Using the CloudShell API

In general, it is recommended to use the CloudShell API as little as possible from the driver, which is supposed to mostly communicate with the app or device. However, there are several common use cases where drivers would use the API to update CloudShell regarding the status of the resource or write additional messages to the console.

Starting a CloudShell API session requires information regarding the sandbox reservation and the server connectivity information. All of that information is available in the context parameter of the command function that is being passed by CloudShell. For more information about that object and the information it provides please see the Getting information from CloudShell section.

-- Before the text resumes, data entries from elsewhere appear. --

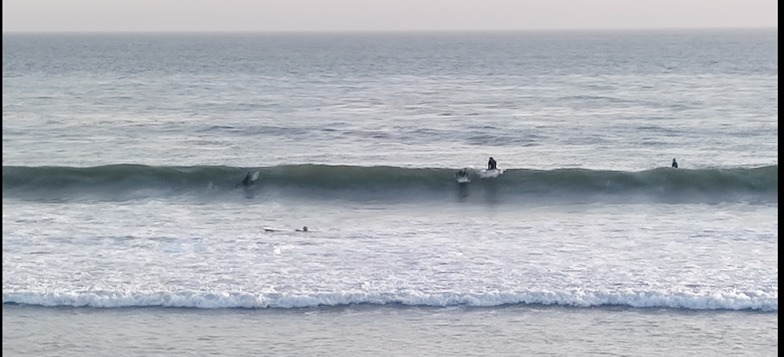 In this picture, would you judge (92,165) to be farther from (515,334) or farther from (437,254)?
(515,334)

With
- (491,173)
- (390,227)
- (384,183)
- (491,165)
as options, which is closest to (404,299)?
(390,227)

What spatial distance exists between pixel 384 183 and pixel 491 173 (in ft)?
8.09

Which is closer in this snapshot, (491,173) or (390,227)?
(390,227)

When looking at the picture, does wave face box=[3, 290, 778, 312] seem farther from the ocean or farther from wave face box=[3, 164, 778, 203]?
wave face box=[3, 164, 778, 203]

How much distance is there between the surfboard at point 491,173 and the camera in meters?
23.1

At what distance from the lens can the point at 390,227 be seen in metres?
17.3

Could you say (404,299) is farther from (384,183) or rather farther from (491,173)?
(491,173)

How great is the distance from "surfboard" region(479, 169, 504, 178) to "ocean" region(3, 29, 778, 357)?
11 cm

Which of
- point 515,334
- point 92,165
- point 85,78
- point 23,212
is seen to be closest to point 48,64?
point 85,78

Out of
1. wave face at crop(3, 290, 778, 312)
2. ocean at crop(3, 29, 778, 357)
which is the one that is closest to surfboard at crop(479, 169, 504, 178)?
ocean at crop(3, 29, 778, 357)

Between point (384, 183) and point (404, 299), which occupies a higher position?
point (384, 183)

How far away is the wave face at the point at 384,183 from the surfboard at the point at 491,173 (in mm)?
126

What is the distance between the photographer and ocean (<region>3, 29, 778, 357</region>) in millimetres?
10914

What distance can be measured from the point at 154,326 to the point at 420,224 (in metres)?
7.44
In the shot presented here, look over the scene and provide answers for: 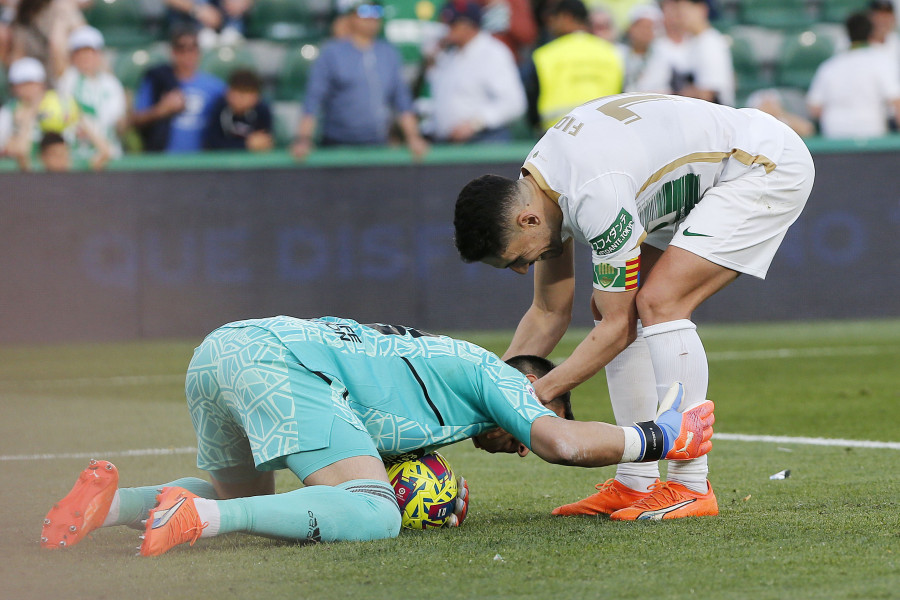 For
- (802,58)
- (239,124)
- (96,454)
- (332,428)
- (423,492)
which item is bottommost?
(96,454)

First, as we’ll need the CloudShell API, we should add it to the requirements.txt file. Open the requirements.txt file and add the following line:

cloudshell-automation-api>=7.0.0.0,<7.1.0.0

You should constrain the cloudshell-automation-api package based on the version of CloudShell you’re currently using. This specific package version will always be prefixed by the relevant CloudShell version it supports. This means that if you’re using 7.1, for example, the above line should read:

cloudshell-automation-api>=7.1.0.0,<7.2.0.0

To start a CloudShell API session, first import the CloudShellAPISession module, then initialize an object with the connectivity parameters. Import the CloudShellAPISession module by adding the following statement to the beginning of the driver.py file:

from cloudshell.api.cloudshell_api import CloudShellAPISession

To log in we don’t need a username/password, since we get a token we can use with the context object. Copy and paste the following function:

driver_deep_dive/src/driver.py view raw
def use_cloudshell_api_session(self, context):
    """
    A simple example function returning a string
    :param ResourceCommandContext context: the context the command runs on
    """
    session = CloudShellAPISession(host=context.connectivity.server_address, token_id=context.connectivity.admin_auth_token,
                                   domain=context.reservation.domain)

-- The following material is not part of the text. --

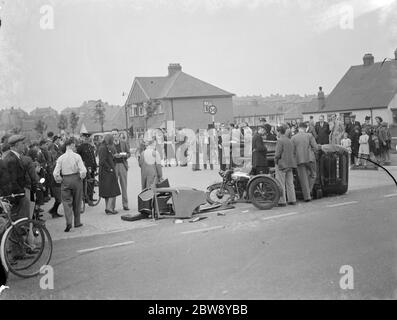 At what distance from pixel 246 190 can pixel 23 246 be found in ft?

This is pretty straightforward but can also probably get repetitive. The the helper classes that are provided with the cloudshell_shell_core package are intended help get rid some of that boilerplate. The CloudShellSessionContext allows easily creating a session from a context object. To use the helper first import the module by adding this to the driver.py imports:

from cloudshell.shell.core.session.cloudshell_session import CloudShellSessionContext

Then, paste the following function:

driver_deep_dive/src/driver.py view raw
def use_cloudshell_api_session_with_helpers(self, context):
    """
    A simple example function returning a string
    :param ResourceCommandContext context: the context the command runs on
    """

    with CloudShellSessionContext(context) as session:
        session.WriteMessageToReservationOutput(context.reservation.reservation_id, "Hello from Shell")

Now that we have a CloudShell API session, there are three main things we may want to do with it from our driver: Decrypt a password attribute, update the resource live status or update the console widget with progress report. You can find the code for these operations in the Common Driver Recipes section of this guide.